### Items listed in a dataset
▬▬▬▬▬▬

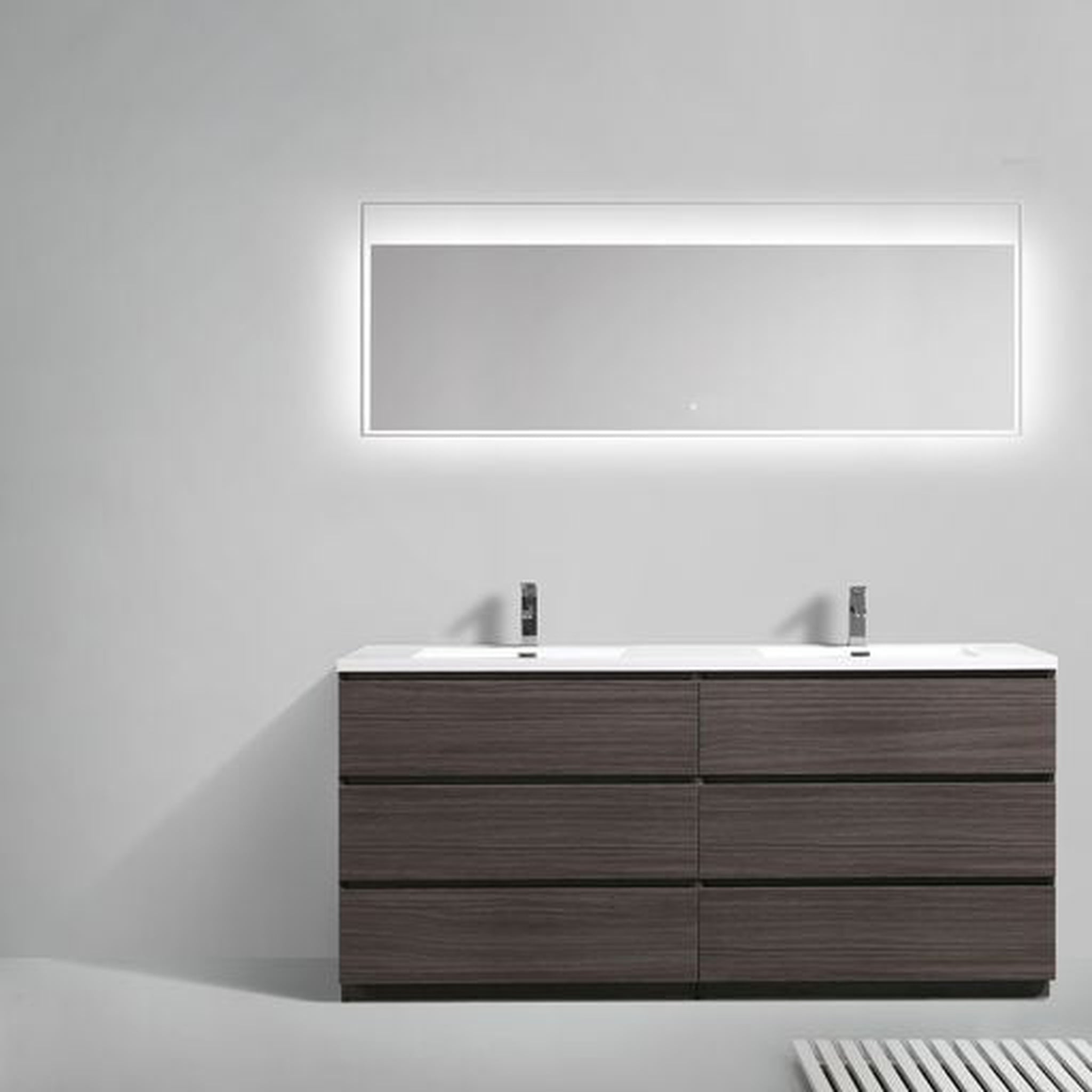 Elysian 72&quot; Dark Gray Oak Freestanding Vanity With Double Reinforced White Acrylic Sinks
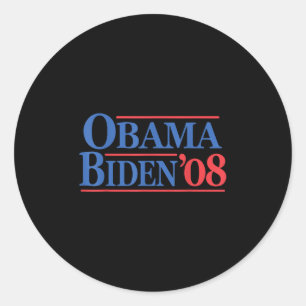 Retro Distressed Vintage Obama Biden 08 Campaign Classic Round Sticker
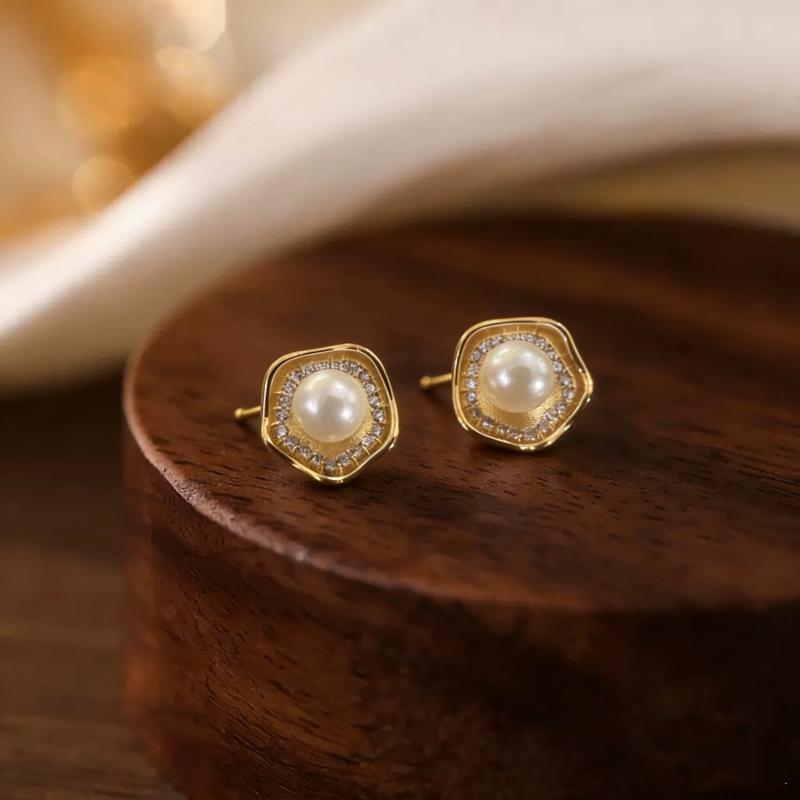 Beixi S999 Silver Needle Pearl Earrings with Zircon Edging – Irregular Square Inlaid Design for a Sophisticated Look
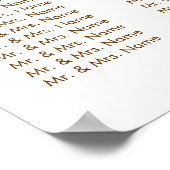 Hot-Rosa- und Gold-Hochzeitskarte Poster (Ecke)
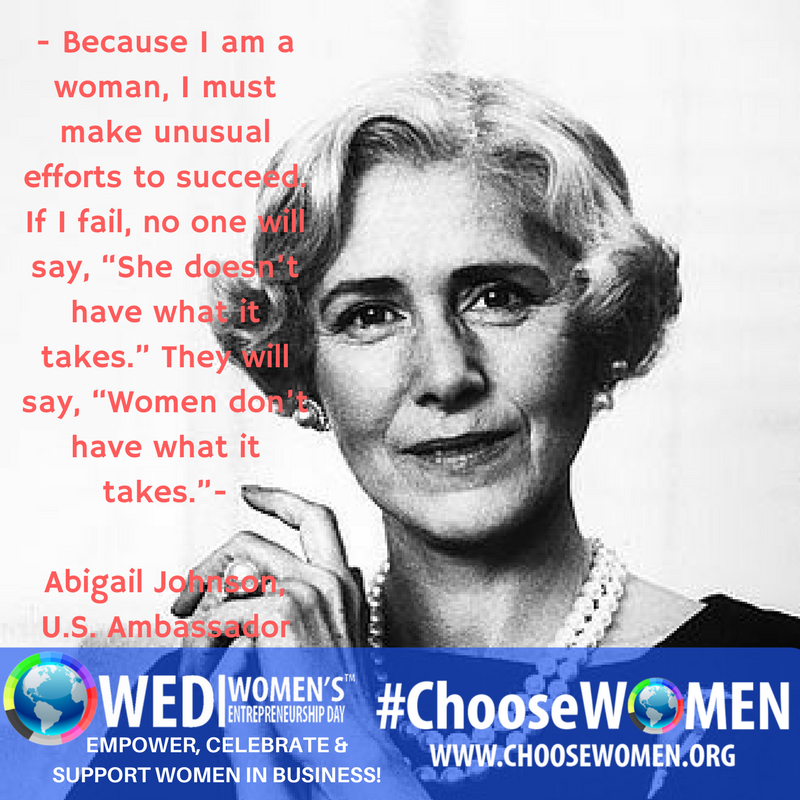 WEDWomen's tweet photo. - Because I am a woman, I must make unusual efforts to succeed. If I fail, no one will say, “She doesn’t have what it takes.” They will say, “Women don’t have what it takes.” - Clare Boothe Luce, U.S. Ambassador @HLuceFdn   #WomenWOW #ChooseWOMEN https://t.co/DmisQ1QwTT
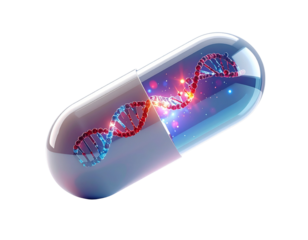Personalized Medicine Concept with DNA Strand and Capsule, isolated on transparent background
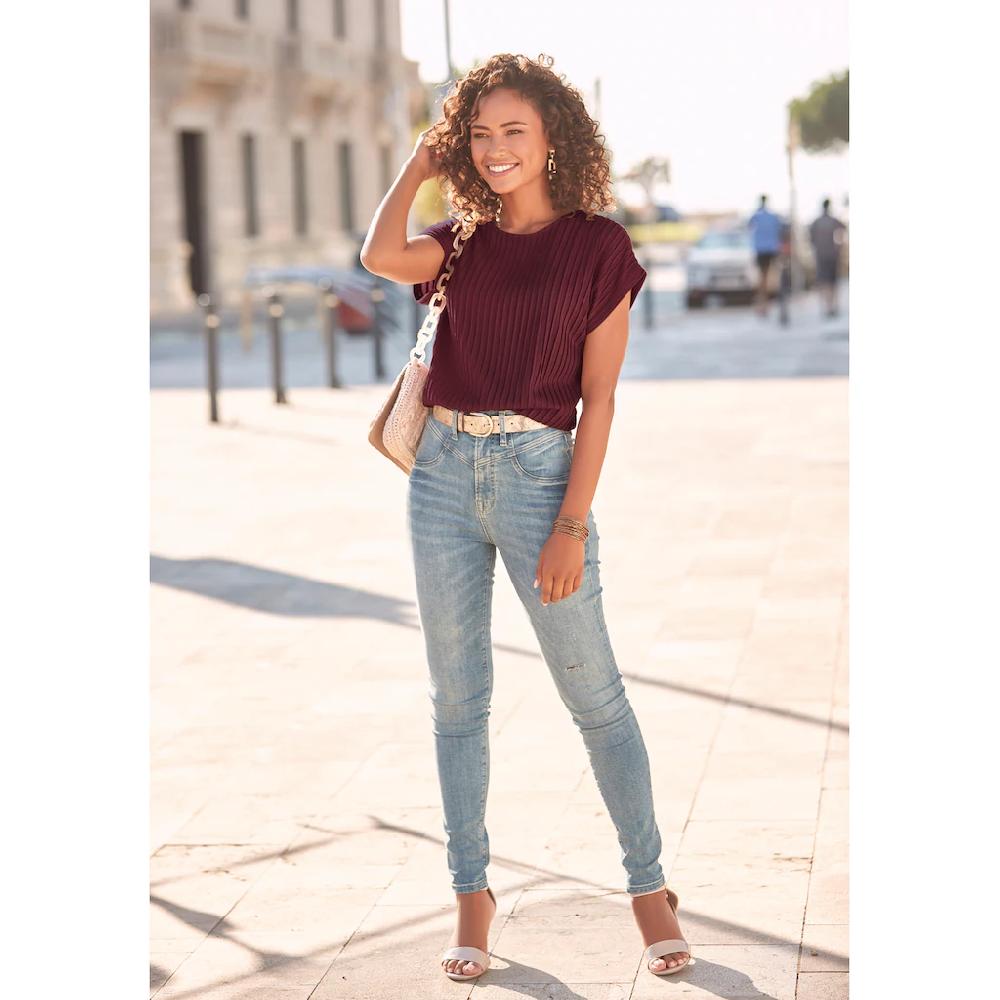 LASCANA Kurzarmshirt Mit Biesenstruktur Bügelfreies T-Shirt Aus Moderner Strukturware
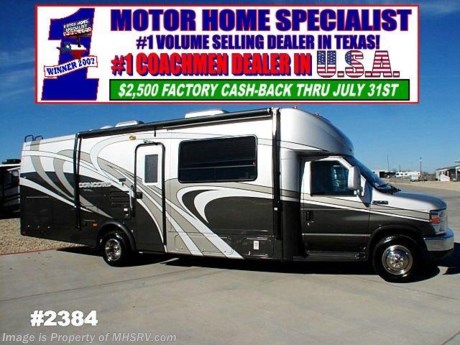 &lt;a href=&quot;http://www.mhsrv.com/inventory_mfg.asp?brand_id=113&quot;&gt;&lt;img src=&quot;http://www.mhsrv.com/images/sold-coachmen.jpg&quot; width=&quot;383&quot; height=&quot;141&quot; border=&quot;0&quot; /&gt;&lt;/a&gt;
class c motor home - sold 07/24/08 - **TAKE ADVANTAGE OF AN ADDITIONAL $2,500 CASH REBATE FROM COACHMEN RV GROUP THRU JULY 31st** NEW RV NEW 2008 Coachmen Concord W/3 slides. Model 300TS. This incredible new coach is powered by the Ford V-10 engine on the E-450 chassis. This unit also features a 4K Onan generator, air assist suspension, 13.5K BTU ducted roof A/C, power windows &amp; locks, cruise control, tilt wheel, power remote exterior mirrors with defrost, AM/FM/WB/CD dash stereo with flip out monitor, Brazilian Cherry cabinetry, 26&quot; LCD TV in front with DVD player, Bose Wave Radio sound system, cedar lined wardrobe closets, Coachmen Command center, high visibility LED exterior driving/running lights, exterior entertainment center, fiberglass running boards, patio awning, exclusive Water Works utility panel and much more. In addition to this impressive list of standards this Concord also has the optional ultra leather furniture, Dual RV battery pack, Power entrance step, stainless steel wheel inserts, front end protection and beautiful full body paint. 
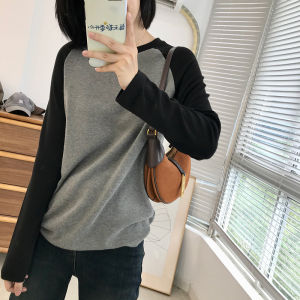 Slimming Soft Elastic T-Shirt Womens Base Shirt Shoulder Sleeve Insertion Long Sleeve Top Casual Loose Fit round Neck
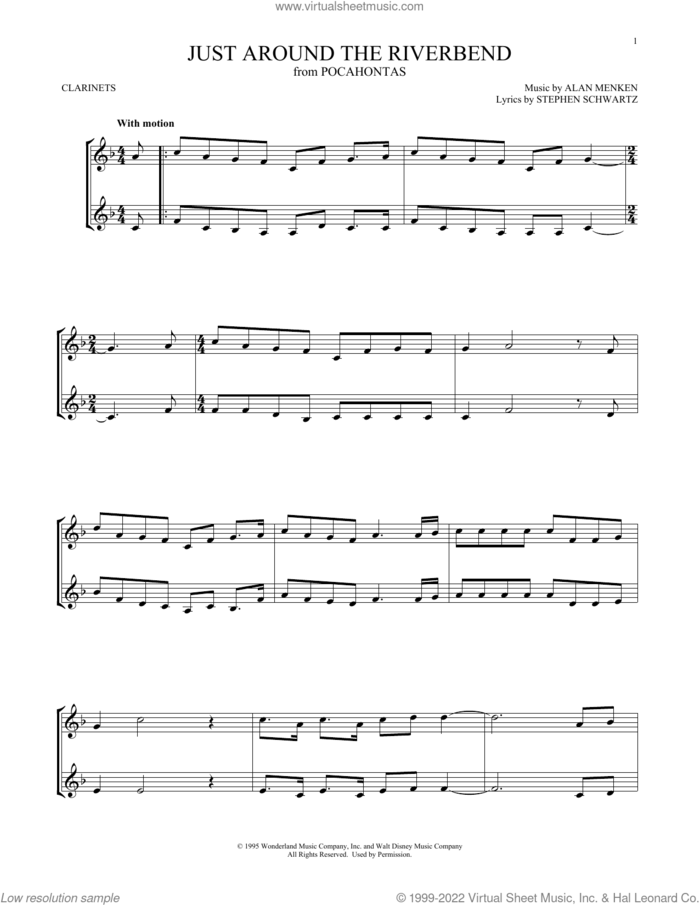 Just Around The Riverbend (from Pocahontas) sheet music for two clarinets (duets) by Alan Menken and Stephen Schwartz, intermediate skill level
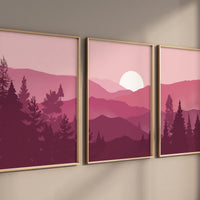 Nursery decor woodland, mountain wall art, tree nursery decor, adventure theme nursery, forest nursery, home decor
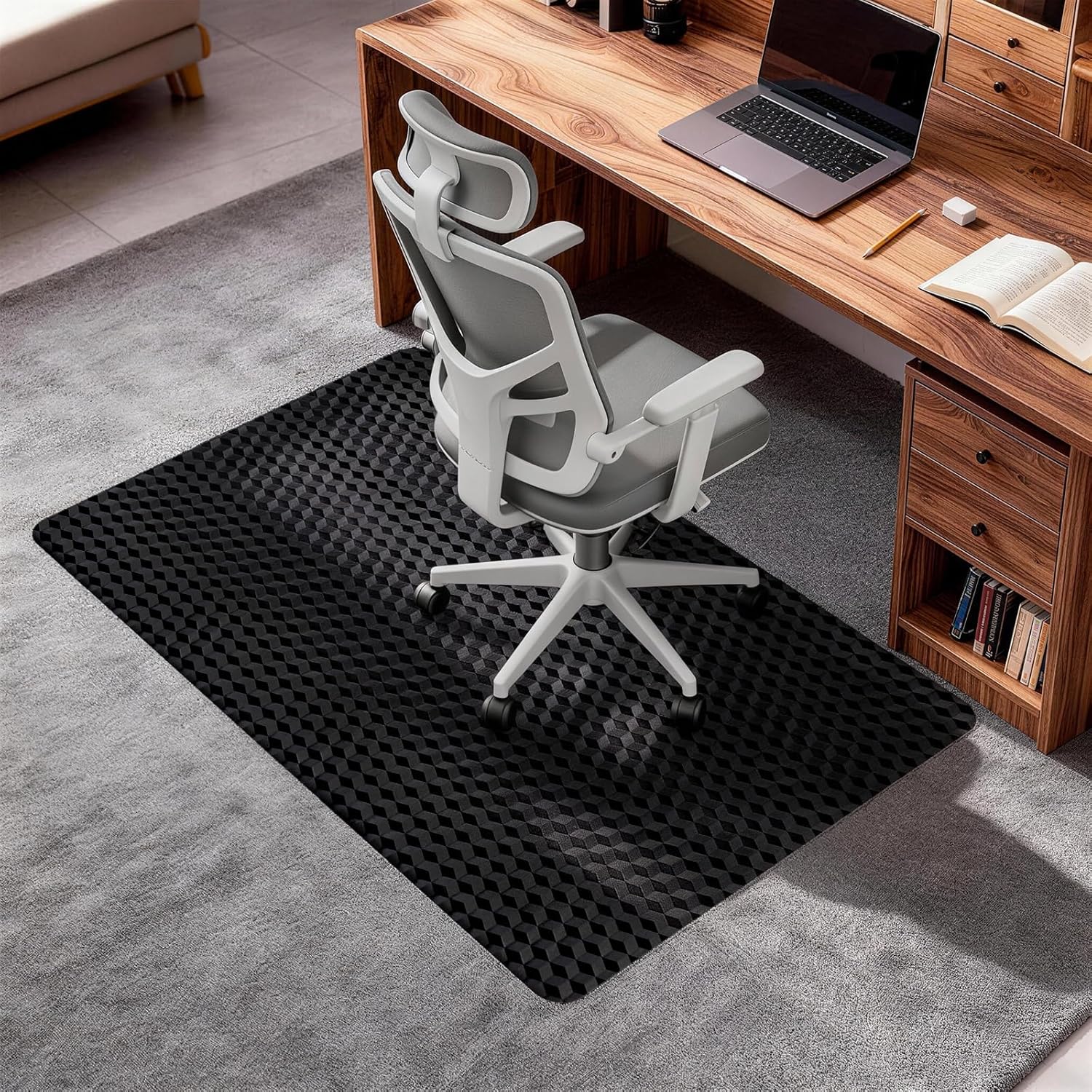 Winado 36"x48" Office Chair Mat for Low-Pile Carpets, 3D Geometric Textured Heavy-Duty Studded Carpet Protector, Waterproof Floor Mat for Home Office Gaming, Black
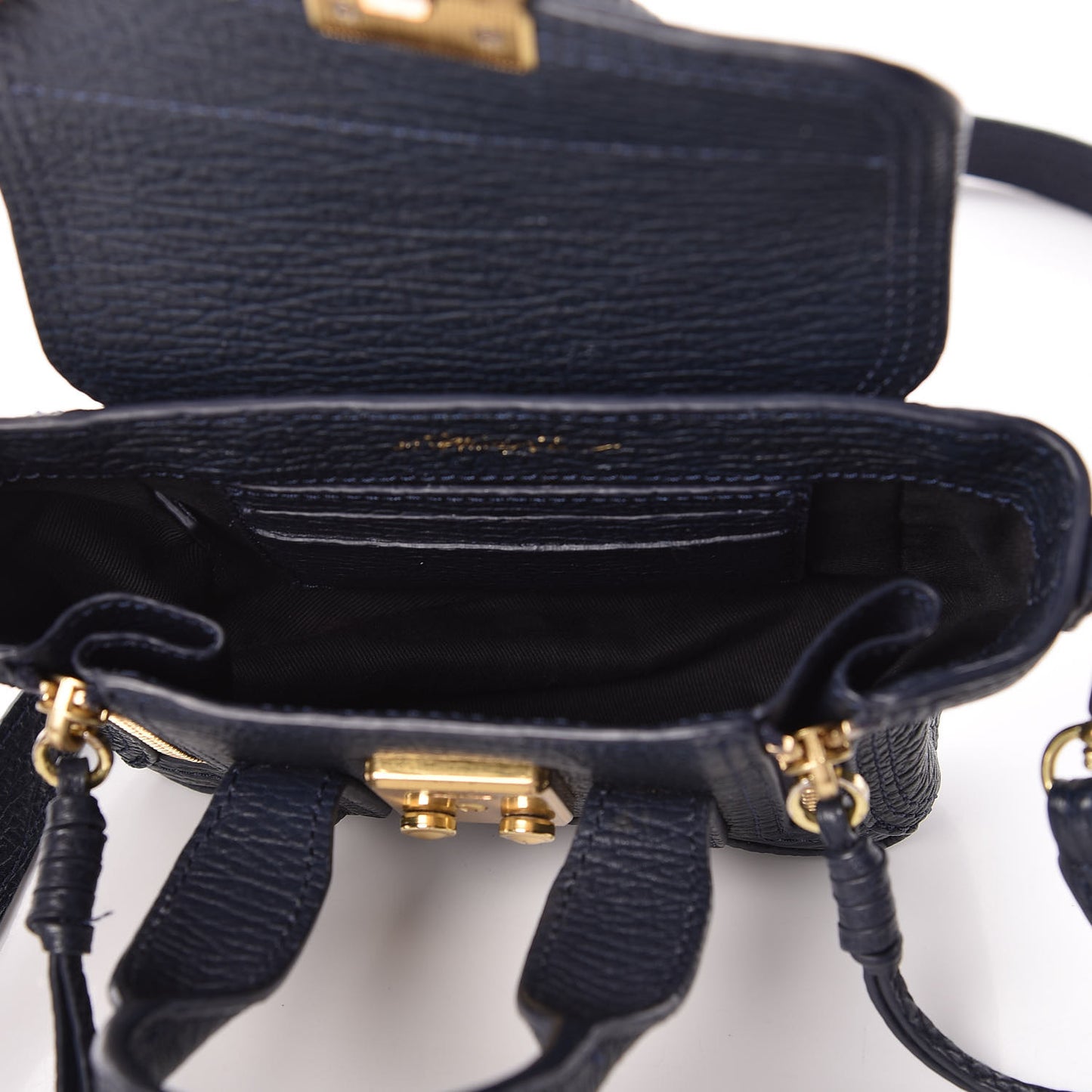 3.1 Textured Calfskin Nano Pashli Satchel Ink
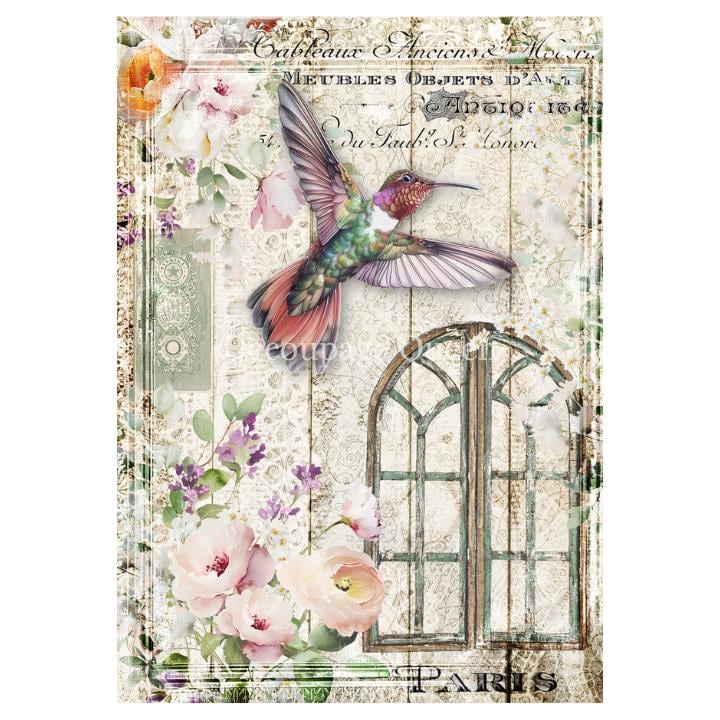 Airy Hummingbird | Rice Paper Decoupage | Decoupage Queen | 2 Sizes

▬▬▬▬▬▬

### Problem description
What should be set down is every line from the opening of the records through the line that contains "height=&quot;141&quot; border=&quot;0&quot; /&gt;&lt;/a&gt;", exactly, with pictures left out.

### Written reply
 Elysian 72&quot; Dark Gray Oak Freestanding Vanity With Double Reinforced White Acrylic Sinks
 Retro Distressed Vintage Obama Biden 08 Campaign Classic Round Sticker
 Beixi S999 Silver Needle Pearl Earrings with Zircon Edging – Irregular Square Inlaid Design for a Sophisticated Look
 Hot-Rosa- und Gold-Hochzeitskarte Poster (Ecke)
 WEDWomen's tweet photo. - Because I am a woman, I must make unusual efforts to succeed. If I fail, no one will say, “She doesn’t have what it takes.” They will say, “Women don’t have what it takes.” - Clare Boothe Luce, U.S. Ambassador @HLuceFdn   #WomenWOW #ChooseWOMEN https://t.co/DmisQ1QwTT
Personalized Medicine Concept with DNA Strand and Capsule, isolated on transparent background
 LASCANA Kurzarmshirt Mit Biesenstruktur Bügelfreies T-Shirt Aus Moderner Strukturware
 &lt;a href=&quot;http://www.mhsrv.com/inventory_mfg.asp?brand_id=113&quot;&gt;&lt;img src=&quot;http://www.mhsrv.com/images/sold-coachmen.jpg&quot; width=&quot;383&quot; height=&quot;141&quot; border=&quot;0&quot; /&gt;&lt;/a&gt;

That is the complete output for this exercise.